Na capital neozelandesa os oito filmes da Abissologia apresentam-se com mais seis, três já exibidos numa anterior exposição de João Maria Gusmão e Pedro Paiva, Eflúvio Magnético, e três outros, não referenciados a qualquer exposição.
O nome da instalação de João Maria Gusmão e Pedro Paiva provém de um dos filme - "Hidráulica de Sólidos (ou o homem que come pedra)" (Agosto de 2007) -, produzido durante a residência dos dois artistas no Centro Cultural de Inhotim, em Minas Gerais no Brasil, e que integra também a Abissologia.
Já Eflúvio Magnético, de 2004, partira de um texto dos dois artistas plásticos e deu depois origem a duas sequelas em 2006, sob a forma de uma Síntese, na Guarda, e de uma 2ª Parte, na Galeria Zé dos Bois, em Lisboa, entidade responsável pela produção da exposição que os dois têm agora junto ao Tejo.
João Maria Gusmão diz que a exposição da Adam Gallery faz «uma remontagem de vários trabalhos», desenvolvendo uma «temática paralela» à da Cordoaria.
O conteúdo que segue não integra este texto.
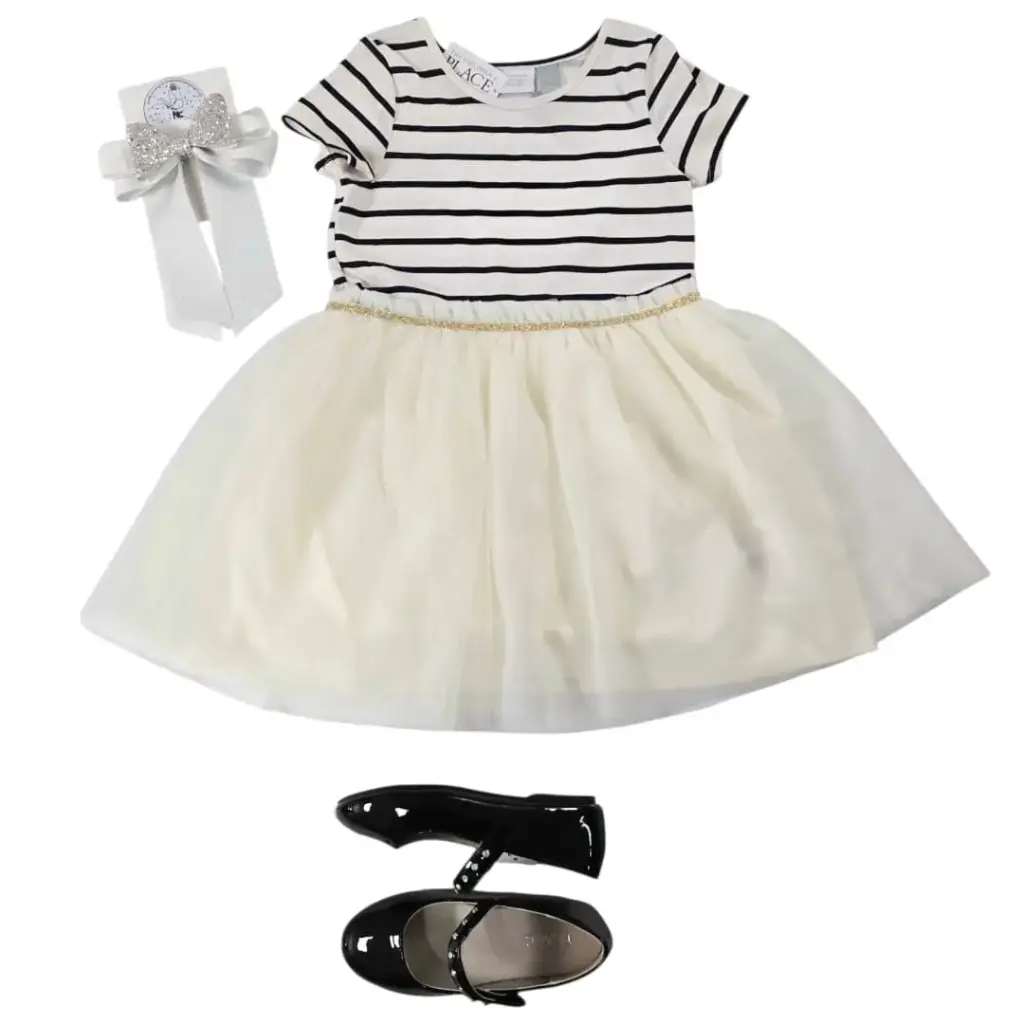 Vestido blanco y azul marino con tutú ivory, talla 3t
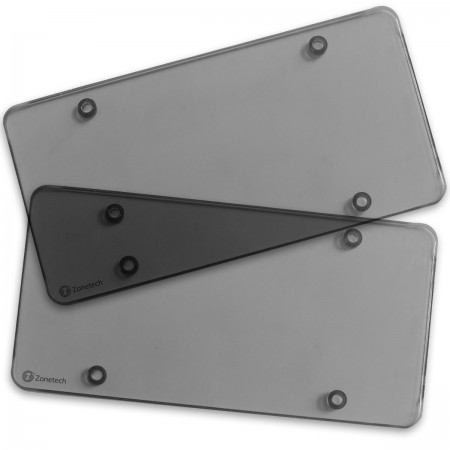 Zone Tech Clear Smoked License Plate Shields - 2-Pack Novelty/License Plate Clear Smoked Flat Shields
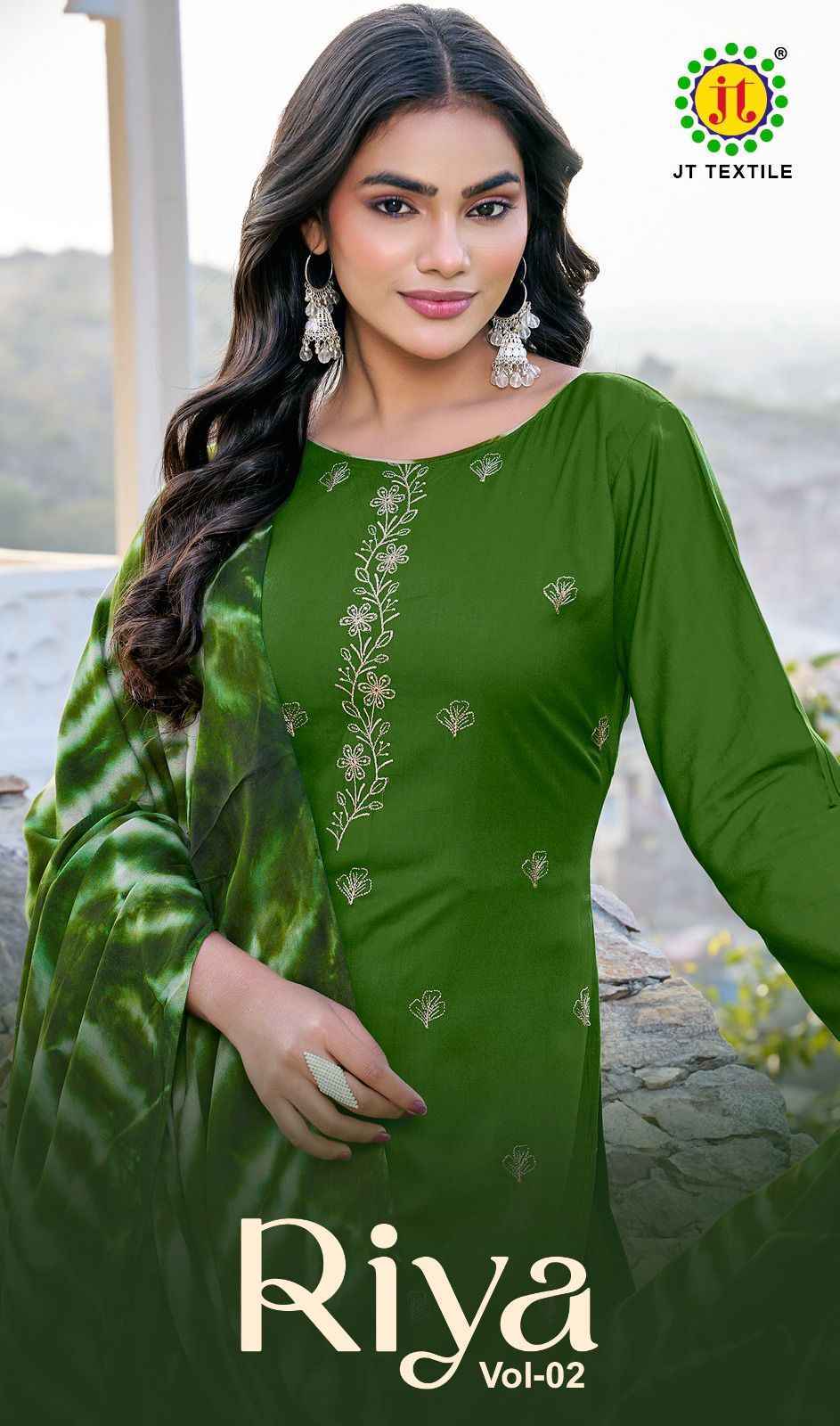 Jt Riya Vol 2 Rayon Salwar Kameez Wholesale Rate ( 5 Pcs Catalog )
No entanto, a curadora da exposição neozelandesa, Christina Barton, escreve no catálogo que estamos perante «uma nova instalação especialmente designada para a Adam Art Gallery».Esta professora de História de Arte da Universidade de Victoria e directora da Galeria põe em destaque a contradição de uma instalação que «é absolutamente contemporânea» e que, no entanto, usa recursos ultrapassados (outmoded) - película e três projectores clássicos num espaço escuro.
Nesta aparente contradição, Barton vê uma intenção deliberada da dupla portuguesa. «Gusmão e Paiva assentaram neste meio por causa da sua tenaz ligação ao ‘real\'; a sua demanda é pela ‘verdade\', e que melhor caminho para a se aproximar dela do que a via de um aparelho mecânico que a dá, como que por ‘magia\'?».
A intemporalidade e o despojamento cénico e humano destes filmes «não narrativos», que a curadora descreve como «fragmentos» ou «vinhetas», visam testar hipóteses ou atingir algum «objectivo impossível mas procurado», em linha com a busca filosófica dos seus autores, centrada na relação entre mito e ciência.
Ambos se têm concentrado na «construção de uma filosofia experimental acerca do transitório», segundo se escreve num texto não assinado na página da Galeria Zé dos Bois sobre a exposição Abissologia, com curadoria de Natxo Checa. Assim, «paralelamente à sua obra plástica, existe a produção de textos que nomeiam as articulações fundamentais do seu ideário especulativo». Não fugindo a esse desígnio, o catálogo da exposição de Wellington inclui um texto dos dois autores, com o título "A Verdade na Ficção dos Efeitos Incorpóreos e a Causalidade dos Eventos Desconexos".
«Em jogo portanto - nesta mineração das trocas férteis entre mito e ciência, narração de histórias e produção de imagens está uma discussão filosófica que é profundamente perene», considera Barton. «Gusmão e Paiva não são artistas que procuram manter-se a par do jogo da arte contemporânea; (...) Os filmes nas suas mãos servem para postular uma ideia e testar o seu valor como verdade», acrescenta.
É a primeira vez que é mostrado na Australásia, com o apoio do Instituto Camões, o trabalho destes «dois artistas emergentes, que estão a tornar-se conhecidos na Europa e na América do Norte e do Sul», segundo a página da Adam Gallery. «Os filmes de Gusmão e Paiva foram exibidos em grandes exposições internacionais, incluindo a Bienal de São Paulo de 2006 e no CCA Wattis Institute for Contemporary Art, em São Francisco, em 2007», recordam ainda os organizadores da exposição.